Educational documents were created that illustrate the adverse effects of deploying the canvas for a function other than that for which it was intended.
This project has addressed many critical components that contribute to potential overexposure to CO on marine vessels. The research knowledge generated by this project, with input from the marine industry, other government agencies, policymakers, and research leaders changed the concept of marine industry and introduced safer technologies, rules and regulations, and educational documents that will ultimately reduce the risk of CO overexposure to occupants in and around marine vessels.

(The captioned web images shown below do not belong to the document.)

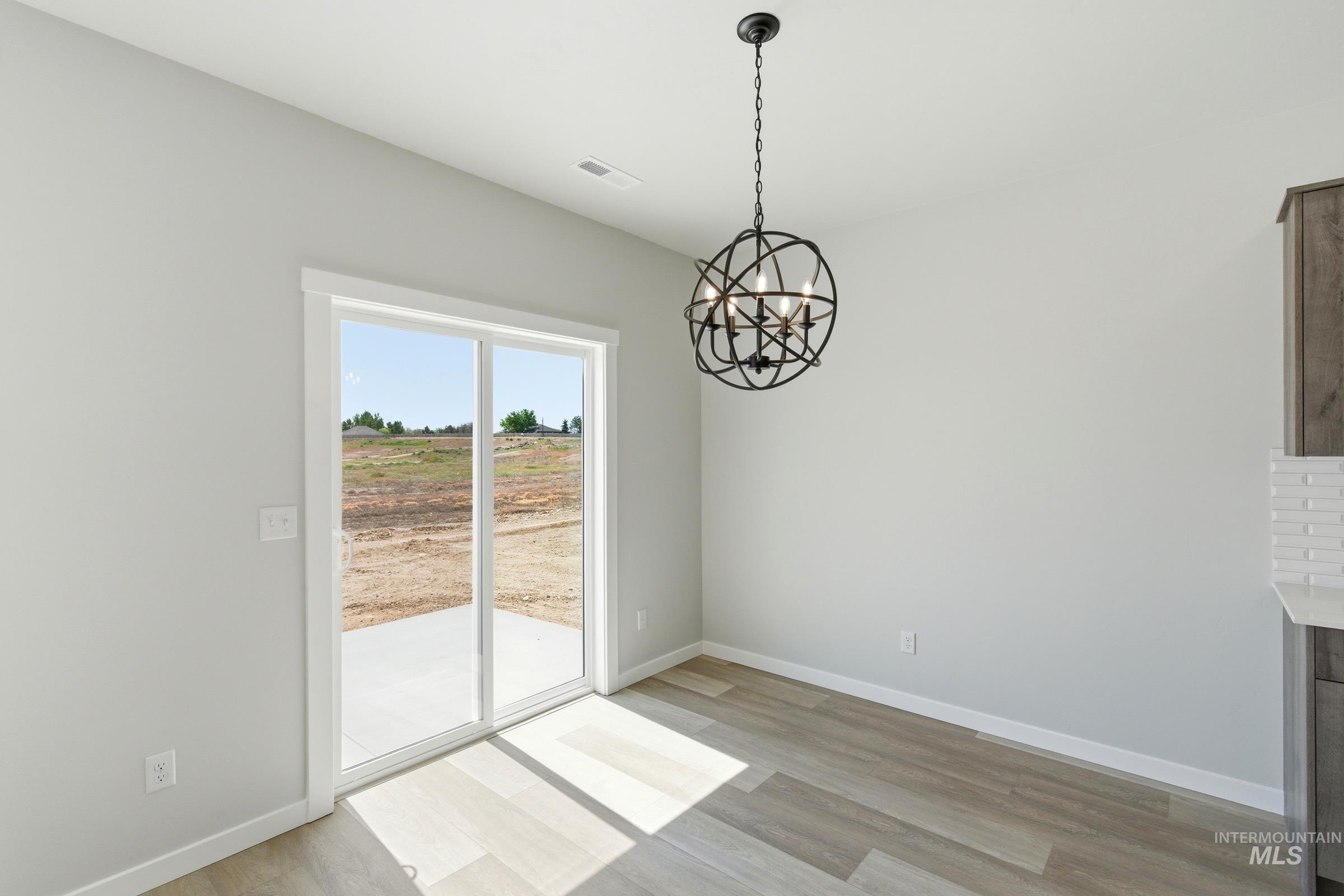 2138 S Border Way, Meridian, Idaho 83642, 3 Bedrooms, 2.5 Bathrooms, Residential For Sale, Price $478,990, 98981611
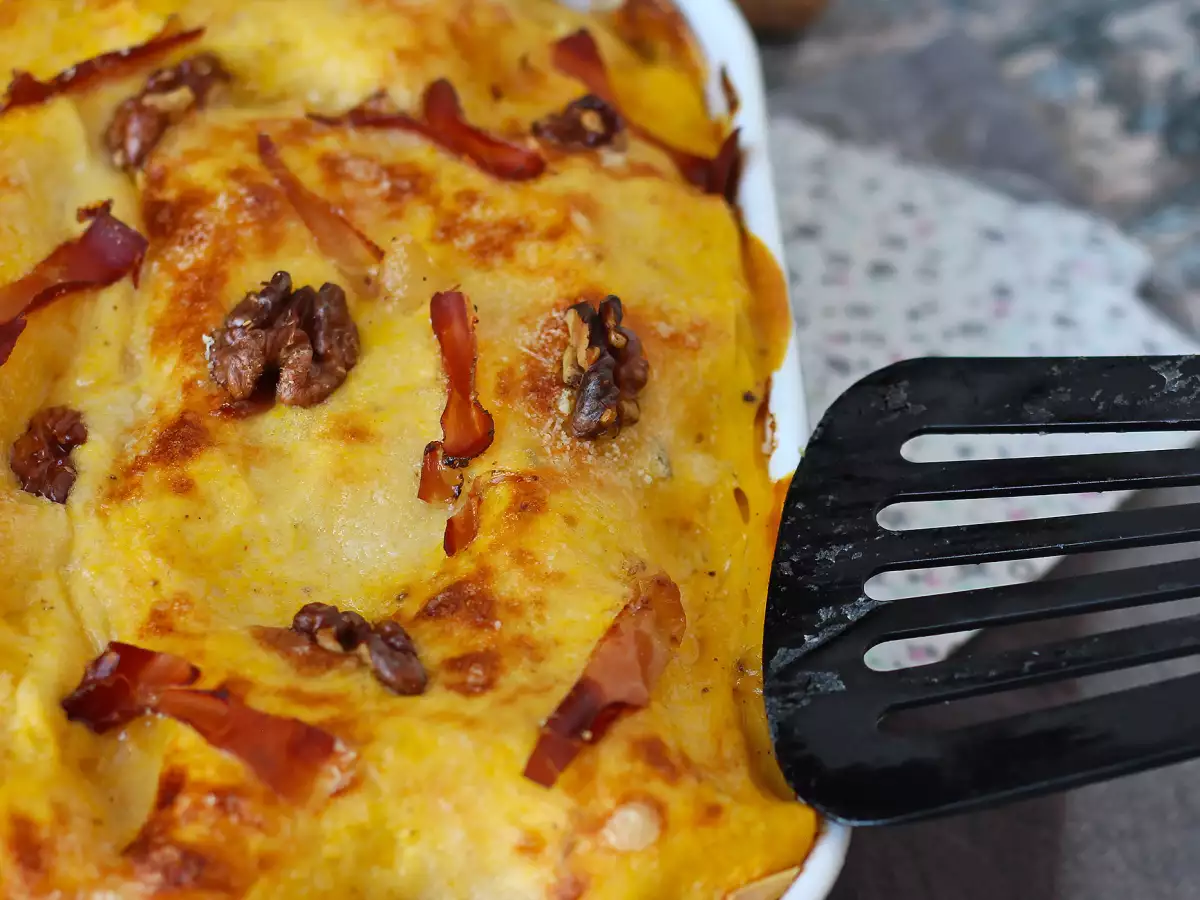 Krämig lasagne med pumpa, speck och krispiga valnötter - foto 2
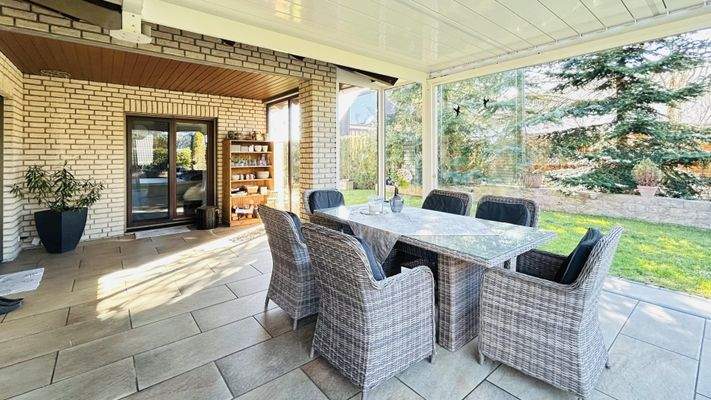 großzügiger und sonniger Wintergarten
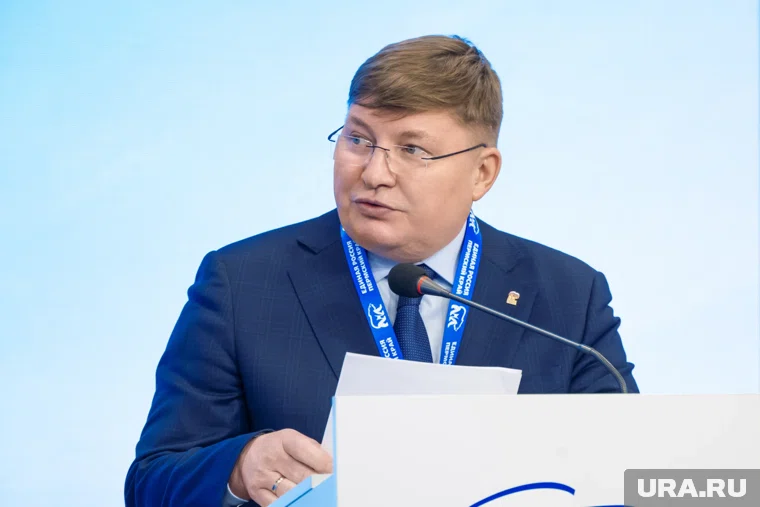 Сегодня, 24 сентября, Григорьев получил удостоверение и значок сенатора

More than 800 boating-related carbon monoxide (CO) poisonings have been identified on U.S. waters. Approximately 50% of the poisonings occurred on houseboats and the remainder on other types of boats. One-hundred twelve of the poisonings occurred outdoors; 32 of these people died. CO exposures exceeding the NIOSH IDLH level of 1,200 ppm is not uncommon on many types of recreational boats because most of them use uncontrolled gasoline-powered engines.
The aims of this project are also to reduce hazardous occupational exposures through the advancement of control technology and address the following goals. 10PPENGSG1 Reduce occupational illness through research on and the advancement of new or retrofit engineering control technology; 10PPENGAOG1.1.3 Control of carbon monoxide (CO) on houseboats and marine vessels; 09PPENGSG3 Reduce occupational illness and injuries by providing expert advice and consultation to our partners on engineering controls; 10PPENGAOG3.2.2 Promote the use of engineering controls to control carbon monoxide emissions to regulatory agencies and consensus standard bodies. 09PPENGSG4 Develop and build recognition and awareness of OSH hazards and the means for control through technology transfer, education, and training. 10PPENGAOG4.4.1 Promote the use of technologies to control carbon monoxide on marine vessels; 10PPENGIG5.2 Incorporate engineering control solutions into standards and regulations; 10PPENGAOG5.2.2 Disseminate engineering control research findings in the marine industry to appropriate agencies and trade associations.

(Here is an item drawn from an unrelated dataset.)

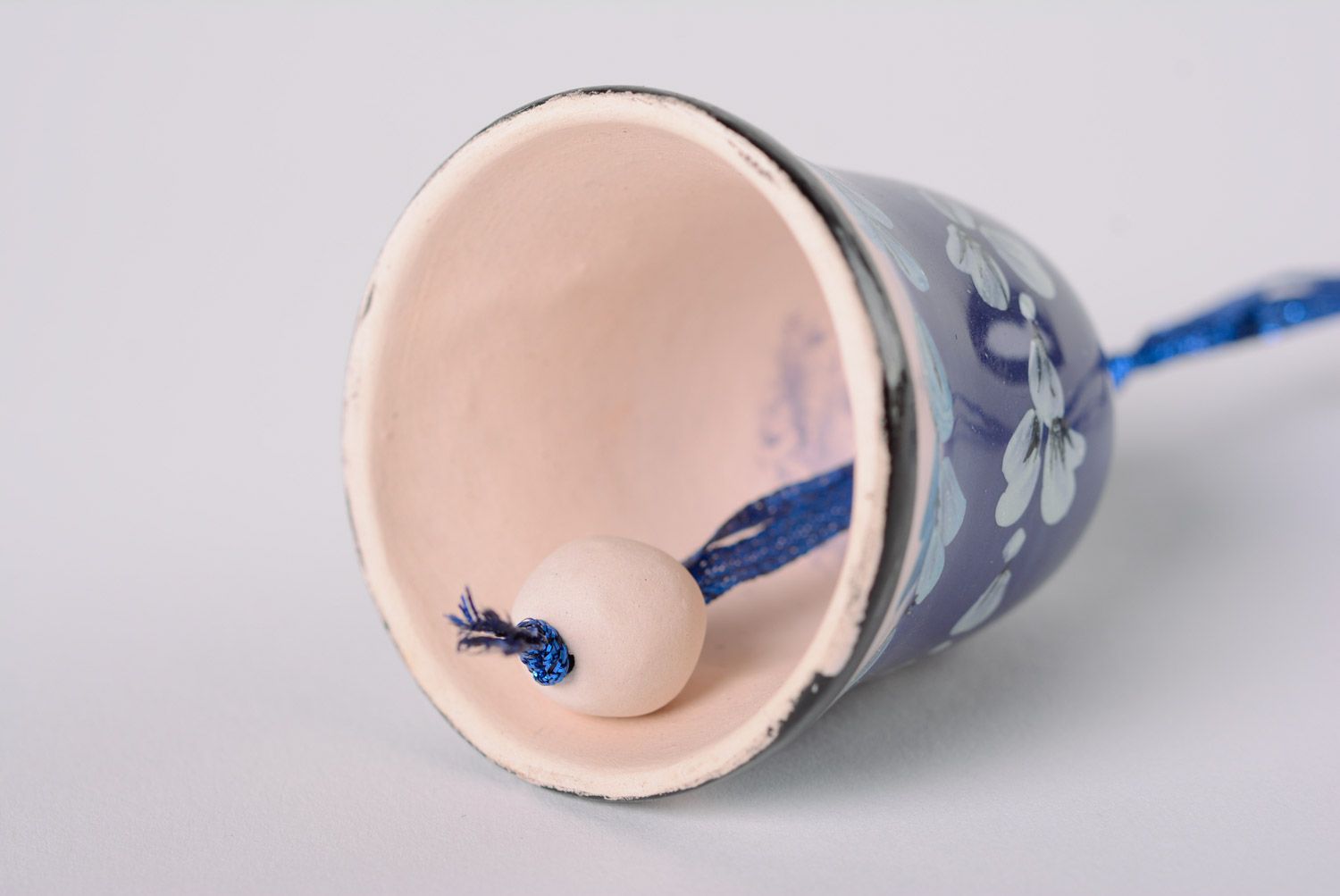 Cloche en céramique faite main bleue belle petite majolique originale pratique photo 4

The National Institute for Occupational Safety and Health (NIOSH), the Department of the Interior (DOI), the National Park Service (NPS), the U.S. Coast Guard (USCG), and many partners investigated carbon monoxide (CO) deaths, evaluated other CO-related boating incidents, and developed engineering controls to prevent future poisonings. The investigative team discovered over 800 boat-related CO poisonings on U.S. waters since 1990 that were caused by gasoline-powered propulsion engines and onboard generators that provide electrical power. The team worked closely with many boat and marine engine manufacturers and trade associations to define the extent of the hazard, determine employee exposures, develop engineering controls to mitigate the CO hazard, and educate the public.
The Double Angel Foundation is a non-governmental organization that keeps track of CO related poisonings and produces a National Case Listing that includes lethal and non-lethal poisonings.
For the last several years, NIOSH researchers have worked with trade associations, regulatory agencies, boat manufacturers, and other companies to evaluate the effectiveness of CO control devices. We have identified several controls that could dramatically reduce the number of CO poisonings on recreational boats: 1) a stack that reroutes generator emissions; and 2) electronic fuel injection and catalysts on engines that eliminate CO before it exits the exhaust.
The USCG funded much of this work through an interagency agreement. Due to the magnitude of the problem, Congressional hearings have been held on this topic. Research results are regularly shared with the Coast Guard, Environmental Protection Agency, the American Boat and Yacht Council (ABYC), and the National Marine Manufacturers Association.
Future cooperative work will involve the continued evaluation and identification of factors leading to CO poisonings on Express Cruisers, evaluating the performance of a new Kohler low emission generator, evaluating the performance of Indmar Marine Engine catalysts for inboard engines, and the evaluation of control systems for towed sports activities.